She said nothing as she watched him walk with a firm and unflinching step into his chamber of fire and pain. Doubt gnawed her; but she saw nothing else she could do.

Eventually she went to the Redactors, and took the oaths and went through the legal formalities to have her memories sculpted and cleansed.

And her last thought, before they lowered the helmet of ignorance over her face, was this: "Helion is so wrong. He is so very wrong. Phaethon, once he knows all, will condemn us all as cowards...."

Awake, back in the Oniericon, beneath the pool (and happy that submersion hid whatever tears she might otherwise have shed) Daphne signaled Aurelian to bring the message from Helion on-line.

"Daphne! Wake! Wake up from the insubstantial dream you deem to be your life. Your husband, like a moth to flame, draws ever closer to a truth which will consume him...."

In a postscript, Rhadamanthus had thoughtfully attached a list of the things Helion would no doubt prefer Phaethon not

see, with an explanation as to why he should not.

Daphne sent a signal to a public location channel to see if there was any sign of Phaethon. During Masquerade, these channels were normally devoid of information; but the code Helion had sent along with his message allowed her to open a side channel that stored a list of where and when Phaethon had been when he had broken the Masquerade protocol.

There were three entries. Phaethon had taken off his mask when talking to a strange old man in an arbor of mirror-leafed trees.

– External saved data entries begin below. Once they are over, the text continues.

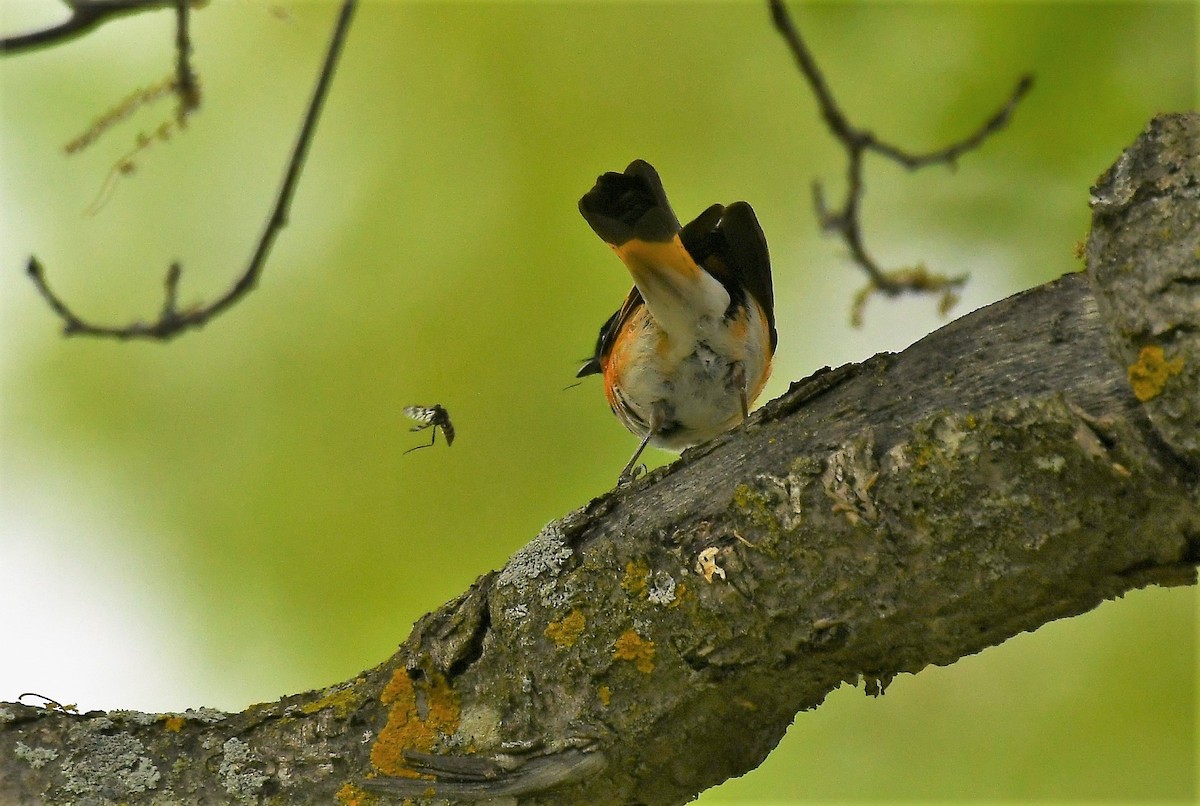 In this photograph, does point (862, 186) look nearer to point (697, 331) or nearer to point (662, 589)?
point (697, 331)

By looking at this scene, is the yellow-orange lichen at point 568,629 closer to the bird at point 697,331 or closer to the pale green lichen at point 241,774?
the pale green lichen at point 241,774

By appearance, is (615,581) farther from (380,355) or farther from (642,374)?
(380,355)

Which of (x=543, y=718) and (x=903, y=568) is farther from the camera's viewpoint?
(x=543, y=718)

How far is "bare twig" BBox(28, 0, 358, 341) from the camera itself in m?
3.36

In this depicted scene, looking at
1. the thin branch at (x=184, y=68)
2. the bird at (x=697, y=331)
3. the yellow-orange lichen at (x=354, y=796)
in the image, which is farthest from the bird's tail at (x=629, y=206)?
the yellow-orange lichen at (x=354, y=796)

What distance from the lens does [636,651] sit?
2.21 meters

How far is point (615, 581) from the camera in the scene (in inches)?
88.6

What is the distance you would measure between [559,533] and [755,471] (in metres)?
0.45

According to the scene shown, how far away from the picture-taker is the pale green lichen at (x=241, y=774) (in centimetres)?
242

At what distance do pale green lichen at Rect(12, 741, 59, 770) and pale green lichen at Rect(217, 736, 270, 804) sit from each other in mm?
369

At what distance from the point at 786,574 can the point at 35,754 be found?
1.65 meters

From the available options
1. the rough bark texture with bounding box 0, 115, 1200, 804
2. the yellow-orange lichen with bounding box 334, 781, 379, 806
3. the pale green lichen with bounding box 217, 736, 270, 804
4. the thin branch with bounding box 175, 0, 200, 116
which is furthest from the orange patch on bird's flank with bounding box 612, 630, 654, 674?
the thin branch with bounding box 175, 0, 200, 116

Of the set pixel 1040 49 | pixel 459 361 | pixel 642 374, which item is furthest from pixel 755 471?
pixel 1040 49

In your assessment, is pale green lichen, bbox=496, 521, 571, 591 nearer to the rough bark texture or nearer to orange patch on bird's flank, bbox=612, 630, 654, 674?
the rough bark texture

There was no further information on the old man. Odd. Daphne wondered who he was.

During the same period without his mask, Phaethon had had his identity file read by an anonymous Neptunian. No details available.

A third entry showed that Phaethon had made an identity-donation during the ecoperfomance at Destiny Lake, willing to have his applause recorded for publicity purposes. Wheel-of-Life, the ecoperformer, had noted his identity, and posted it to a public channel in tones of heavy irony.

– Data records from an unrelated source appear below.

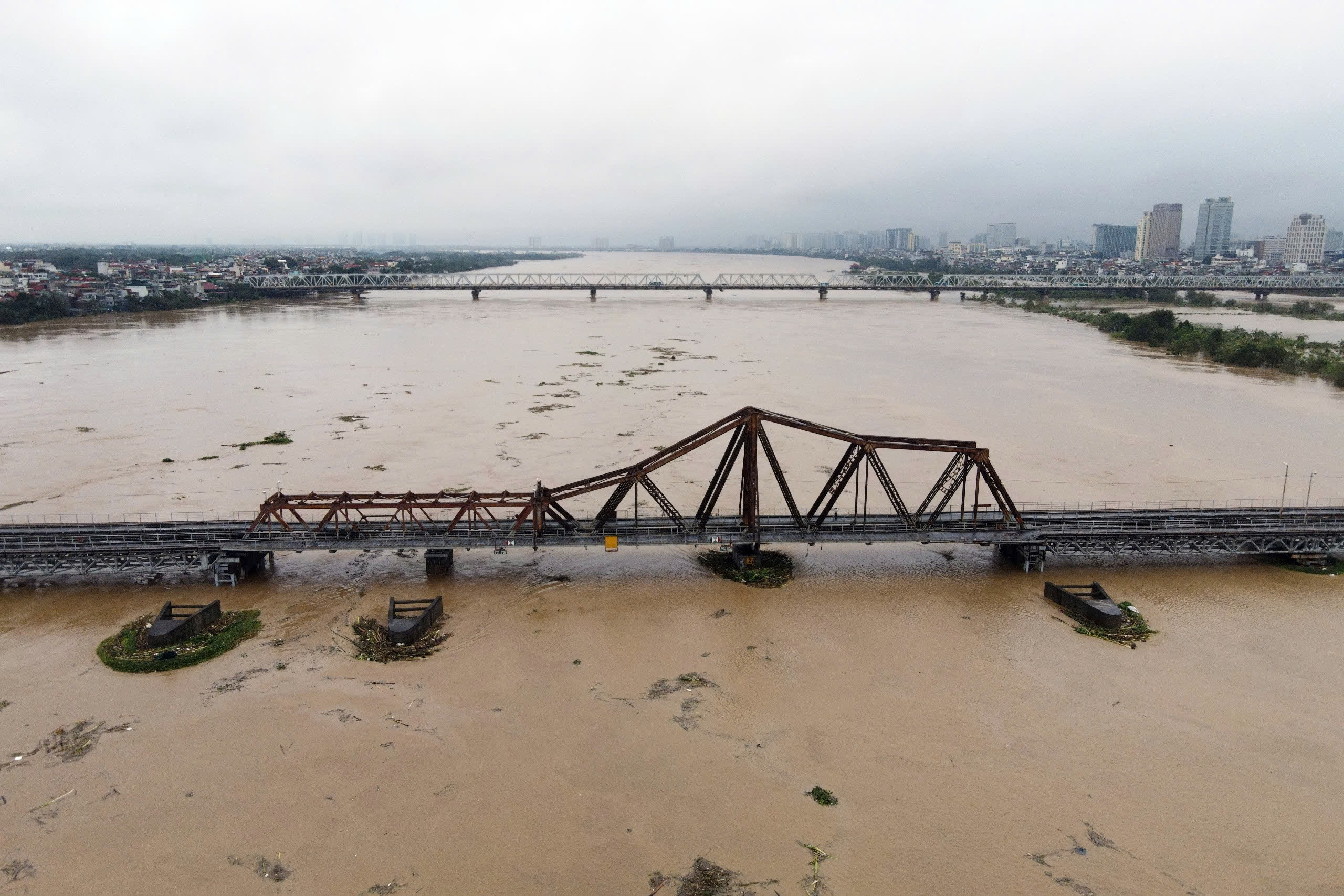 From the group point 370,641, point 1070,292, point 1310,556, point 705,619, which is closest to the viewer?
point 370,641

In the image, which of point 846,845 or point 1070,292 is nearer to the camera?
point 846,845

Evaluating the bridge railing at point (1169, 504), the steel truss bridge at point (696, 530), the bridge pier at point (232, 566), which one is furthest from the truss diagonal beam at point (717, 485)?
the bridge pier at point (232, 566)

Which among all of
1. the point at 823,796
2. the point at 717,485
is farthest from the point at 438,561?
the point at 823,796

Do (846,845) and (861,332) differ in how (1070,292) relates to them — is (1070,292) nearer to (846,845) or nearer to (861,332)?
(861,332)

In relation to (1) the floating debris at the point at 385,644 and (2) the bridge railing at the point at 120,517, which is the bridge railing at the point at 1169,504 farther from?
(2) the bridge railing at the point at 120,517

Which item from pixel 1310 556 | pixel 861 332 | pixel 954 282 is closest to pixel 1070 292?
pixel 954 282

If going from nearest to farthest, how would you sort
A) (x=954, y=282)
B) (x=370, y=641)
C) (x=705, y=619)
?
(x=370, y=641) → (x=705, y=619) → (x=954, y=282)

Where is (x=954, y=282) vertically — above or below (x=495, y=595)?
above

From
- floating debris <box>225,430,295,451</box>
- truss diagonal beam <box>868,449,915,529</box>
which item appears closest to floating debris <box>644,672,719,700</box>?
truss diagonal beam <box>868,449,915,529</box> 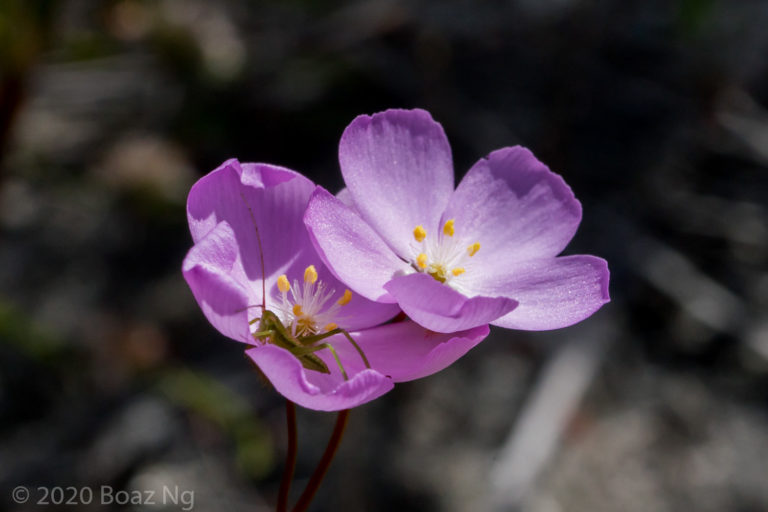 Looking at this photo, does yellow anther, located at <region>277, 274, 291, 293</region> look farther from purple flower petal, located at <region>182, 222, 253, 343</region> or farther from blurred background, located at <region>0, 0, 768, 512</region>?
blurred background, located at <region>0, 0, 768, 512</region>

Before her human brain had time to begin to formulate the question, an automatic circuit in her brainware consulted a schedule in the public mentality, and told her that the eco-performance was still going on. The information was woven into her thought smoothly, without interrupting her attention: she knew, as if she had always known, where and when the performance was.

Since the performance was intended to criticize Phaethon's work and philosophy, Phaethon should not see it, lest he be set to wondering.

Daphne's mission was to turn his attention elsewhere. How hard could that be? She was his wife; he loved her....

He loved the primary version of her. Pain clutched her a moment.

Daphne came up out of the dreaming-pool in a cloud of steam, as busy assemblers wove a toga to drape her in. She did not have time to build shoes: a signal to the organizations in the soles of her feet built up a layer of callus, not much less tough than boot leather.

Aurelian seemed grave, quite out of character for the costume he wore. "You have decided to go?"

The assemblers had made her a sash, which she cinched around her waist with a savage jerk of her arms. "I'm going! And I don't want to hear another Sophotech lecture about morality! We're not machines: we're not supposed to be perfect!"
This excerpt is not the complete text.